• Your assignment: Beginning at the line that contains "Powerbank Baseus P10059002513-00" and finishing at the line that contains "Pantalones Stradivarius efecto piel talla 38", output the data below exactly. Include both end lines and no pictures.

• Dataset records:
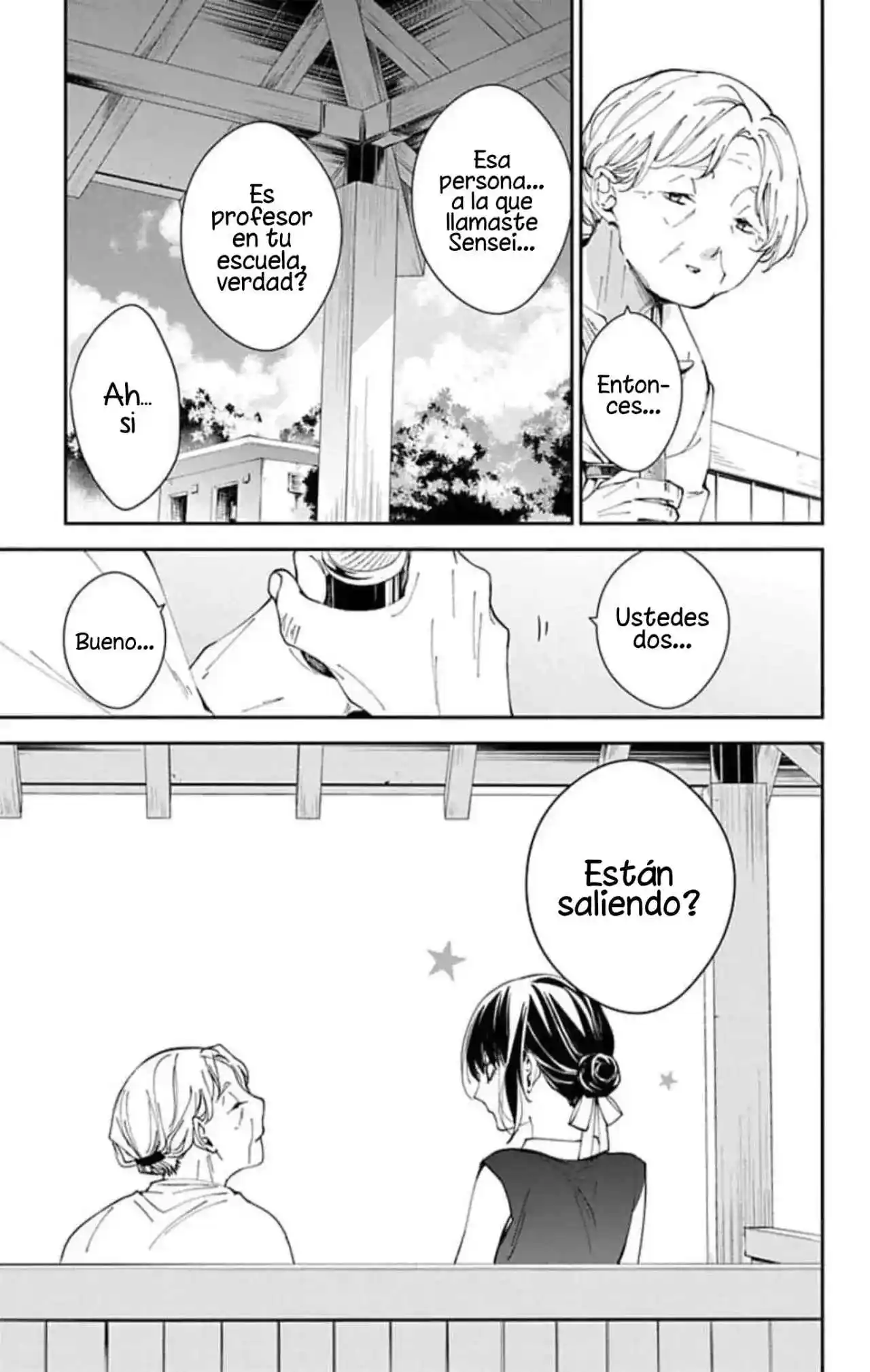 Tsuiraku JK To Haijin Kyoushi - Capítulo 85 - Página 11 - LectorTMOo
---
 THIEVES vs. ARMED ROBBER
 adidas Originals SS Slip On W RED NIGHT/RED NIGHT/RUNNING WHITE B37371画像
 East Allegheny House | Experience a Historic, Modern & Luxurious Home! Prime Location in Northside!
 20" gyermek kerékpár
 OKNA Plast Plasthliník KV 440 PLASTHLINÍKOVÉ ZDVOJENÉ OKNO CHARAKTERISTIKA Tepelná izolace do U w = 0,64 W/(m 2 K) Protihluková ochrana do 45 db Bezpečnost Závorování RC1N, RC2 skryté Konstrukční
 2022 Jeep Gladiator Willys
...
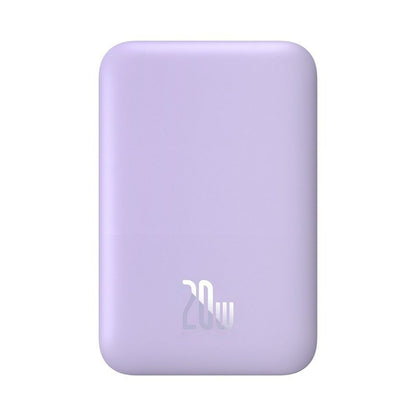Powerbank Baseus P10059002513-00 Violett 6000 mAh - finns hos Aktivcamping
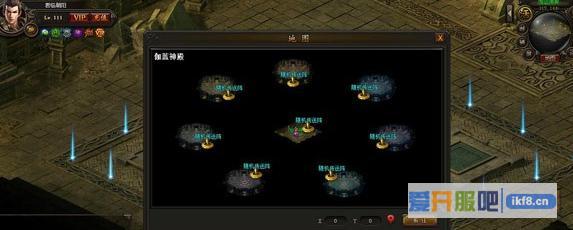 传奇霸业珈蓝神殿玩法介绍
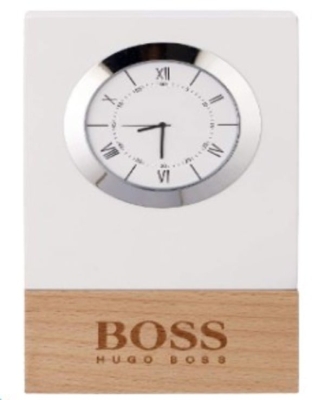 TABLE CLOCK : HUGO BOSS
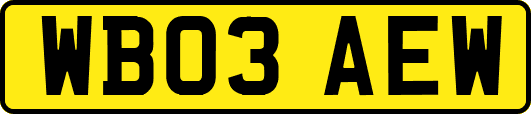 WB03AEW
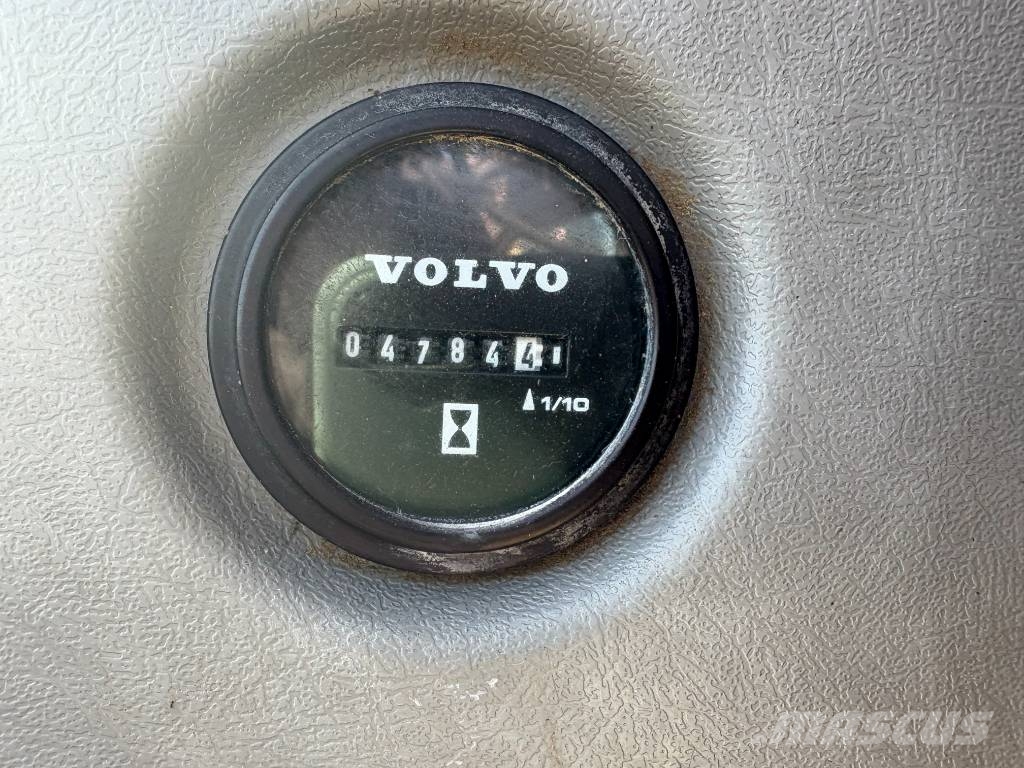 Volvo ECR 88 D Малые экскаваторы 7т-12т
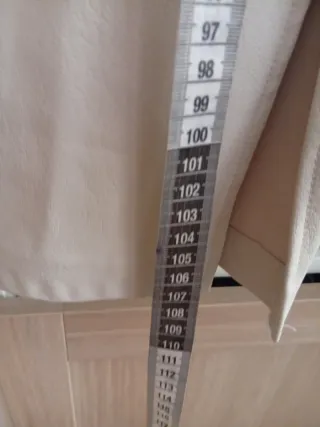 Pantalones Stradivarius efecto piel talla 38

• Answer section:
Powerbank Baseus P10059002513-00 Violett 6000 mAh - finns hos Aktivcamping
 传奇霸业珈蓝神殿玩法介绍
 TABLE CLOCK : HUGO BOSS
 WB03AEW
 Volvo ECR 88 D Малые экскаваторы 7т-12т
 Pantalones Stradivarius efecto piel talla 38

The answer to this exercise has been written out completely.